I’ve been a heavy user of ElasticSearch for coming up 7 years now. During that time I’ve used it for a few main usecases: A Search Engine, An APM Solution (after NewRelic started being stupidly expensive), a backend for Jaeger, and as a log storage system. In all of those usecases I’ve really pushed ElasticSearch to its limits, with hundreds of terrabytes of data across dozens of machines and tens of thousands of shards and in all that time I’ve found that it really only works well for one of those situations. Particularly with Elastic’s push towards being anti-user, I wanted to question whether storing log data is a good usecase for ElasticSearch and suggest some better options.
ElasticSearch (actually Lucene but for our purposes here they are interchangable) was designed with the search engine index usecase in mind (and I’ve found it works exceedingly well for this). To that end, it expects documents to follow a relatively static (at least within a given index) structure, and optimises for full text search (notably through the use of a Reverse Index). But are these what we want for log storage? I’d argue no.
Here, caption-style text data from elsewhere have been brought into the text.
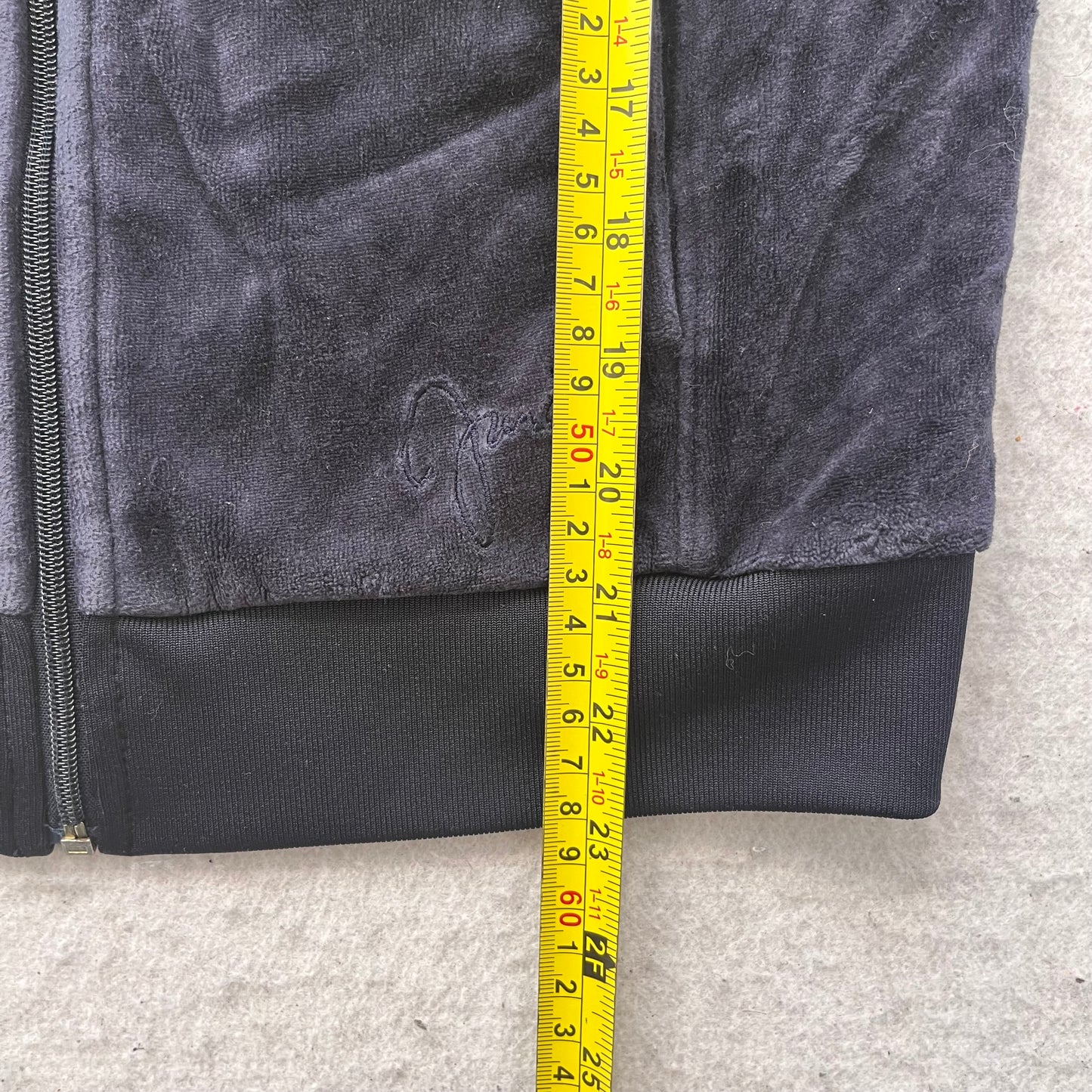 Juicy Couture Women's Charcoal Gray Velour Zip-Up Hoodie Loungewear Pockets - S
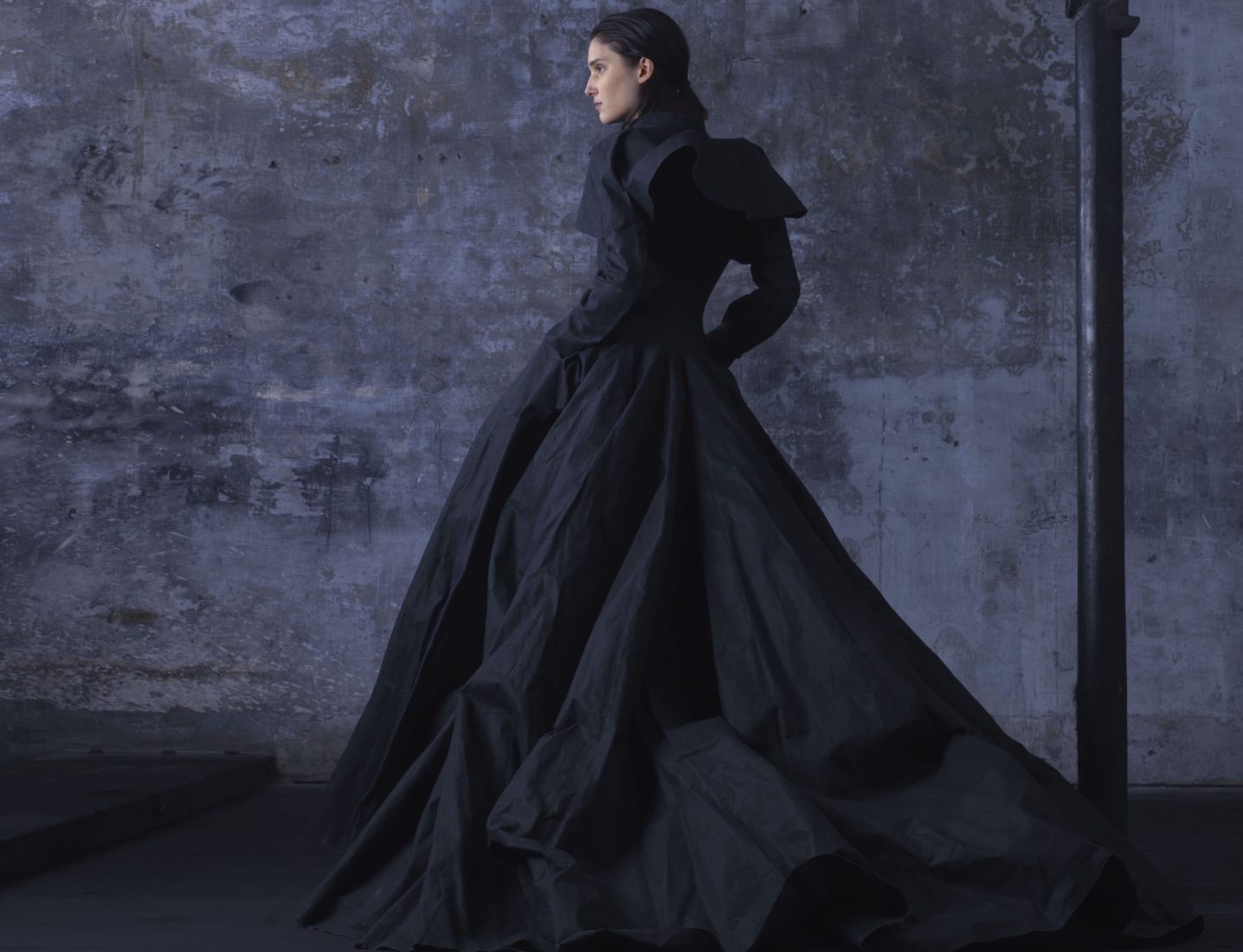 Calais Olivier Theyskens Manteau en lin enduit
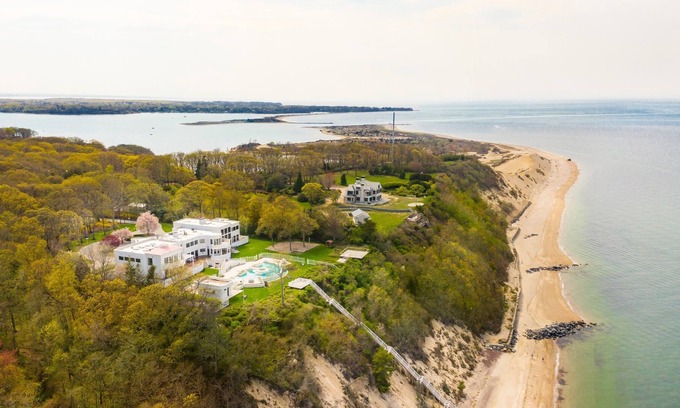 Port Jefferson Villa | Beachfront modern Mega Mansion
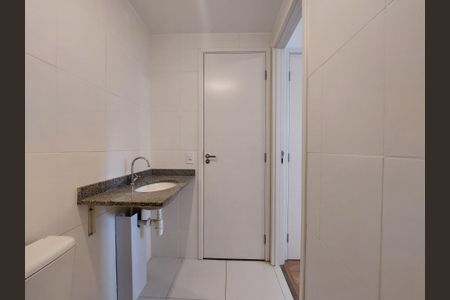 Apartamento para alugar com 34m², 2 quartos e sem vagaBanheiro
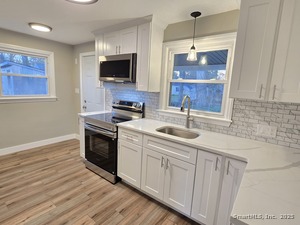 Homes for sale in Windsor, CT | 11 Fyler Dr, Windsor, CT 06095 | MLS# 24143036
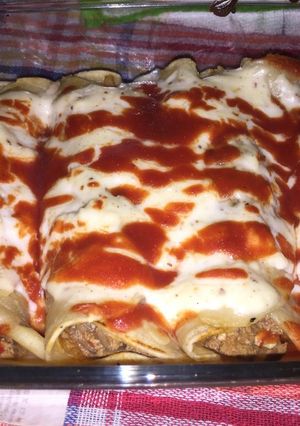 Una foto de Canelones de carne con puré y huevo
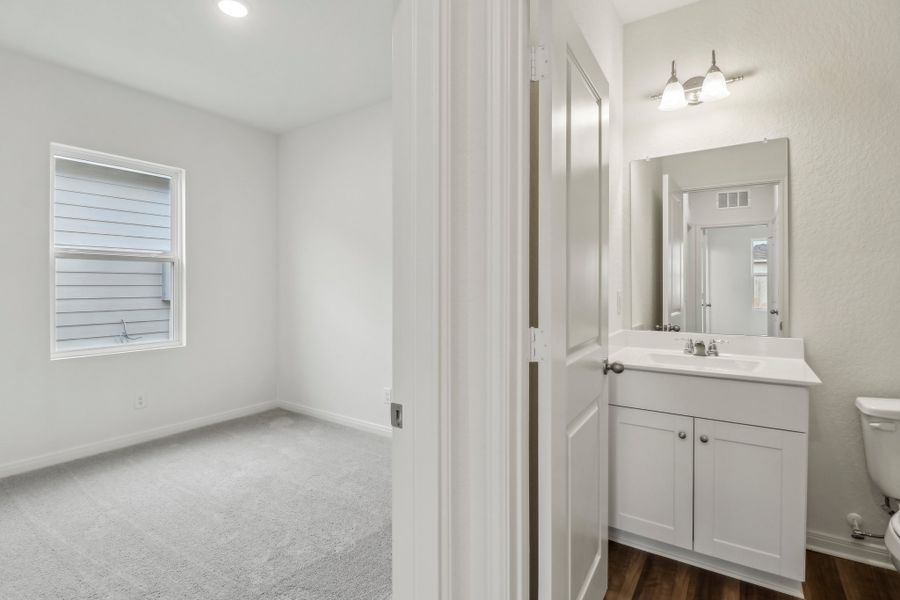 Image 23 representing the Comet by Starlight Homes in Andalusia, Loris, SC.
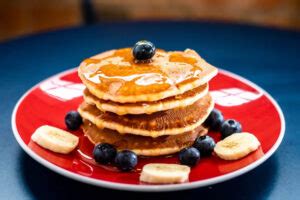 Secrets to styling homemade dishes for mouthwatering, share-worthy photos?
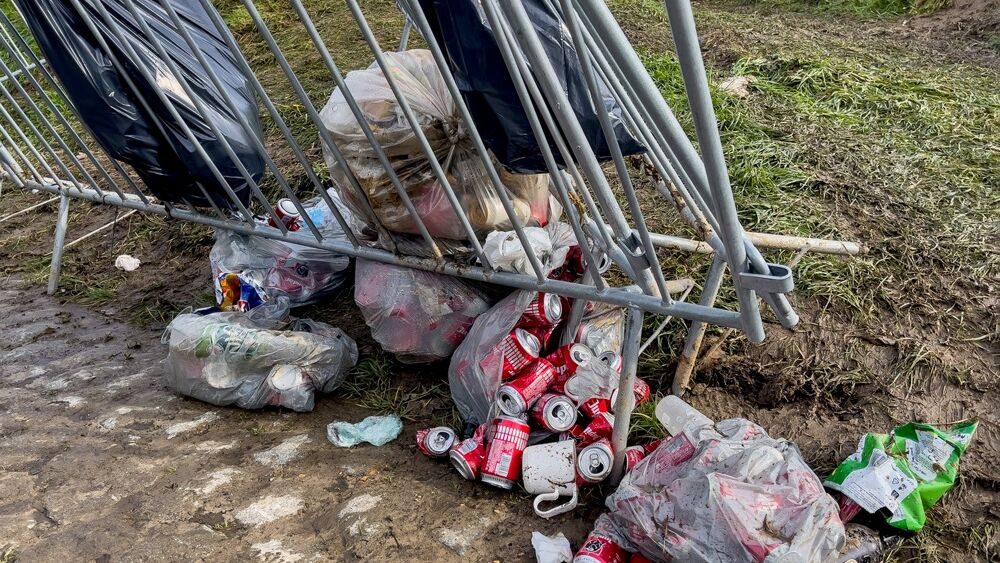 Uno dei tanti sacchi di spazzatura squarciati lungo il pavé del Kwaremont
In a large company, you generally find many different services logging many different types of things. If you’re using structured logging then this means many different teams logging many different field names. In order to not place too much of a burden on your users, you’re probably using something like dynamic mappings to dynamically update your index mapping whenever a new field is seen. This works fine, until one day your index just suddenly stops accepting new documents. You’ve hit your maximum number of fields per index. You bump that and continue on, but it’ll keep happening. And what’s worse, your search performance will degrade more and more, with your index size bloating as more fields are in the index.